The Nation: Creepy Review of Morton Smith's Secret Gospel Hoax

I find the picture of Smith creepy. I find even more creepy the treatment in The Nation by Anthony Grafton of the work of Morton Smith as if there were equal grounds to yet construe his secret gospel authentic ("Gospel Secrets: The Biblical Controversies of Morton Smith").

Dear reader there is no question that Smith defrauded the academic community in a hoax of Bernie Madoff proportions.

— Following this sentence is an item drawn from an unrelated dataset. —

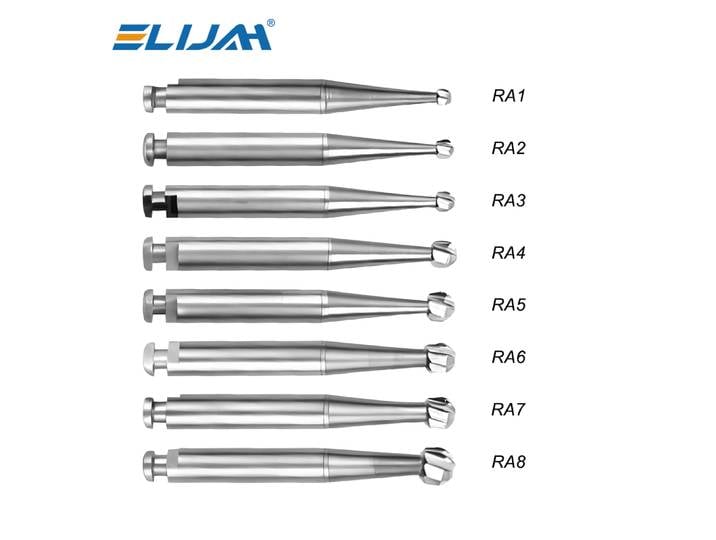 ELIJAH Dental 5 boîtes de fraises en carbure de tungstène pour pièce à main contre-angle basse vitesse, fraises rondes RA pour l'élimination des caries, outil dentaire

I dunno why Grafton still makes the case that the work might be authentic. He should have stopped here after his (admittedly weak) summary of why it is doubted.
In 1975 Quentin Quesnell, a Catholic New Testament scholar, argued that the manuscript was a modern forgery--presumably, though he did not say so directly, the work of Smith. This theory has continued to find supporters. Two recent books--The Gospel Hoax, by a lawyer named Stephen Carlson, and The Secret Gospel of Mark Unveiled, by Peter Jeffrey, a Princeton musicologist, MacArthur Fellow and renowned expert on the history of liturgy--argue that Smith composed the text. The sexual undertones of the document have led some to suggest, explicitly or by innuendo, that Smith, a gay man, forged the text for personal reasons. In fact, Smith laid relatively little emphasis on the document's sexual implications, as opposed to the more general evidence, as he saw it, that Christ taught salvation through sin. But Jeffrey, in the course of an intricate, minutely detailed analysis, argues that Smith deliberately made his case by indirection, distracting readers from his true purpose as a magician distracts the members of his audience.
The rest of the Grafton case meanders -- perhaps he too tries to distract us. Let's not be fooled again by Smith. It's a fraud.